Conception holistique

 

Ainsi au dualisme platonicien ou cartésien d’un être humain composé de deux éléments séparés (corporel et spirituel) est-il préféré l’idée de « moments structurants » liés l’un à l’autre. « Tout être vivant est structure. L’homme est la structure par excellence. Il doit son être et son agir à l’interaction de « moments » organico-mentaux ou corporels-spirituels dont aucun ne peut se passer de l’autre ni se réduire à l’autre.
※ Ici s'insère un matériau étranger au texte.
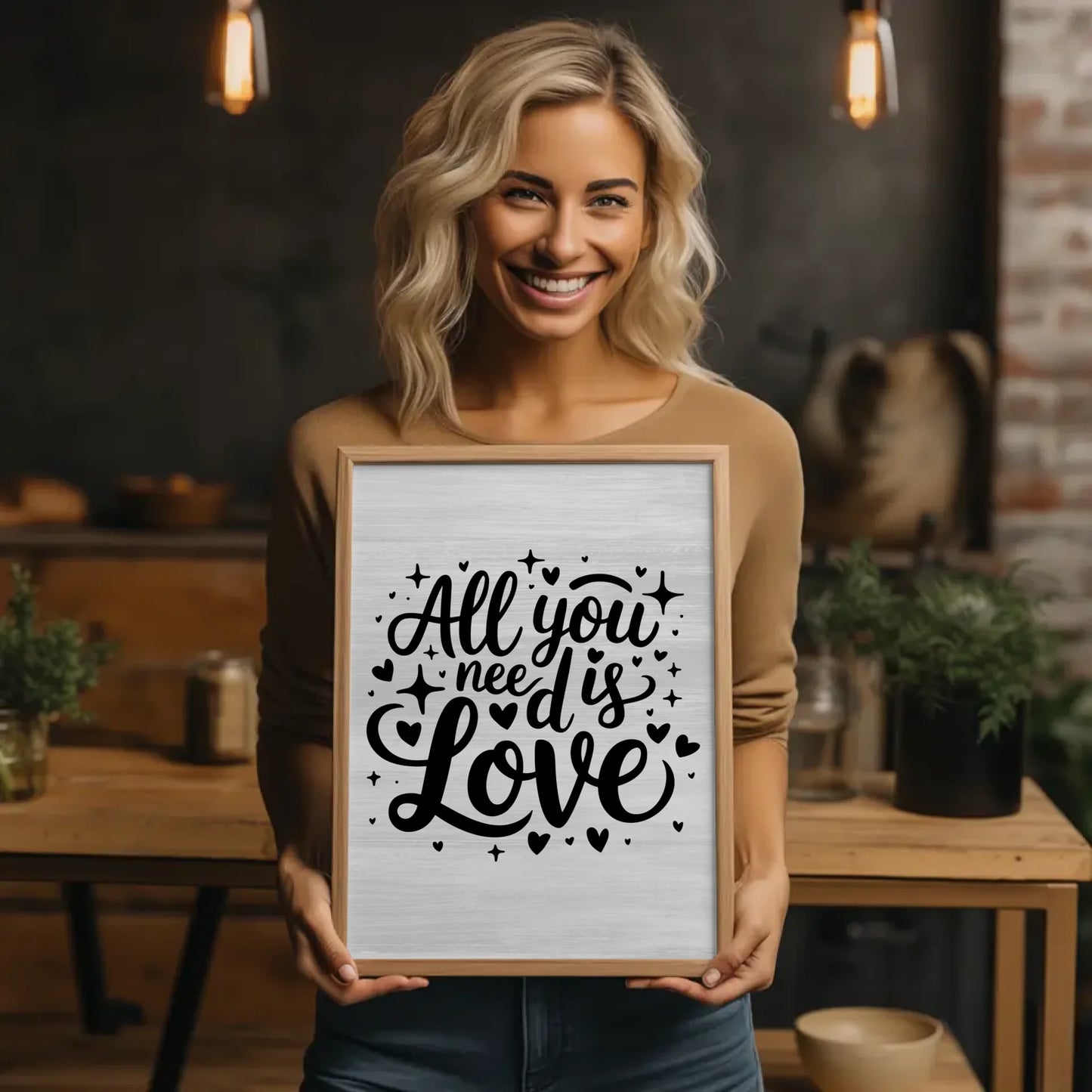 Sprüche Poster All you need is love personalisiert Geschenk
L’anthropologie biblique a déjà eu cette intuition en désignant l’être humain par toute une série d’images-concepts complémentaires » (p.87).

 

En cela l’auteur développe une conception « holistique » de l’être humain, qu’il estime bien mieux adaptée au christianisme que la conception « dualiste ». Nature et surnature, ciel et terre, temps et éternité, sacré et profane, pur et impur, élus et réprouvés, « certes ces traits se retrouvent dans aussi dans la physionomie du christianisme, mais ils n’en constituent pas l’essence. Car celui-ci reste profondément marqué par sa conception de l’homme « capable » de Dieu et son idée du Dieu incarné. Son orientation est holistique. La foi en ce que nous appelons métaphoriquement « résurrection de la chair » s’inscrit dans la même conception » (p.327).

 

Cet essai s’achève sur une réhabilitation de la pensée de Spinoza « maître à penser à la fois de neuroscientifiques et de théologiens attentifs à l’évolution des vivants » (p.329). Un glossaire d’une cinquantaine de définitions s’avère bien utile pour comprendre les termes techniques de la théologie et des neurosciences et les nombreuses références à une soixantaine d’auteurs.